Turkey strikes Kurdish militants in Iraq and Syria after soldiers killed

Turkey has launched airstrikes against Kurdish militants in Iraq and Syria, a day after an attack on a Turkish base in Iraq killed nine soldiers, the Turkish Defense Ministry said. The strikes are part of Turkey’s ongoing campaign against the PKK, a banned Kurdish separatist group.

Turkey's fighter jet
Photo courtesy: slezo, CC BY 2.0, via Wikimedia Commons

According to the Turkish Defense Ministry, Turkey conducted airstrikes against Kurdish militants in Iraq and Syria, which border Turkey. The airstrikes happened one day after nine Turkish soldiers died in an attack on a Turkish military base in Iraq.

Turkey frequently attacks targets in Syria and Iraq that it thinks are linked to the Kurdistan Workers’ Party, or PKK, a Kurdish separatist group that is outlawed in Turkey and has been fighting against the Turkish state since the 1980s.

The defense ministry stated that aircraft hit targets in Metina, Hakurk, Gara and Qandil in northern Iraq, but did not mention any specific locations in Syria. It claimed that fighter jets demolished caves, bunkers, shelters and oil facilities “to prevent terrorist attacks against our people and security forces … and to secure our border.” The statement also said “many” militants were “neutralised” in the airstrikes.

On Friday night, assailants tried to enter a Turkey’s military base in the Kurdish region of northern Iraq, which has some autonomy from the central government, and killed five soldiers. Four more soldiers succumbed to their severe wounds later. The Turkish Defence Ministry reported that 15 militants also died.

The PKK, the government in Baghdad, and the Kurdish regional administration did not comment on the incident immediately.

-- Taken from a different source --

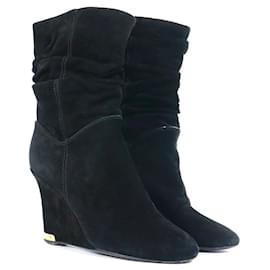 Louis Vuitton-LOUIS VUITTON - Suede wedge ankle boots (size 36.5)-Brown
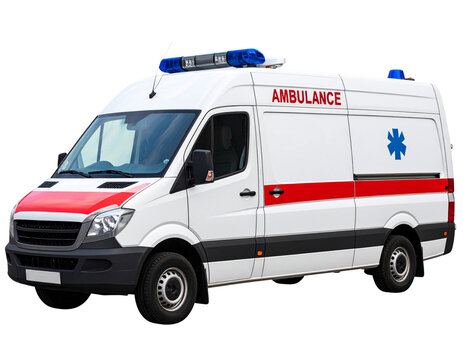 standard Emergency Ambulance with Red and White Markings, side view, isolated on a transparent background.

Turkey started Operation Claw-Lock in northern Iraq in April 2022, and set up several bases in Duhok Governorate. Baghdad has repeatedly objected to the presence of Turkish troops and demanded their withdrawal.

Turkish Foreign Minister Hakan Fidan offered his sympathy for the deaths of the Turkish soldiers on X, formerly Twitter.

He wrote: “We will fight to the end against the PKK terrorist organisation within and outside our borders.”

Fahrettin Altun, the president’s communications director, also wrote on X that President Recep Tayyip Erdogan would have a security meeting in Istanbul later on Saturday.

In the meantime, Interior Minister Ali Yerlikaya said police arrested 113 people who were suspected of having ties to the PKK after raids in 32 Turkish provinces.

He also said that four people were taken into custody after police found 60 social media accounts that “praised the separatist terrorist organisation for provocative purposes” or disseminated false information.

Three weeks ago, militants affiliated with the PKK attempted to storm a Turkish base in northern Iraq, according to Turkish officials, and killed six soldiers. The next day, six more Turkish soldiers died in clashes.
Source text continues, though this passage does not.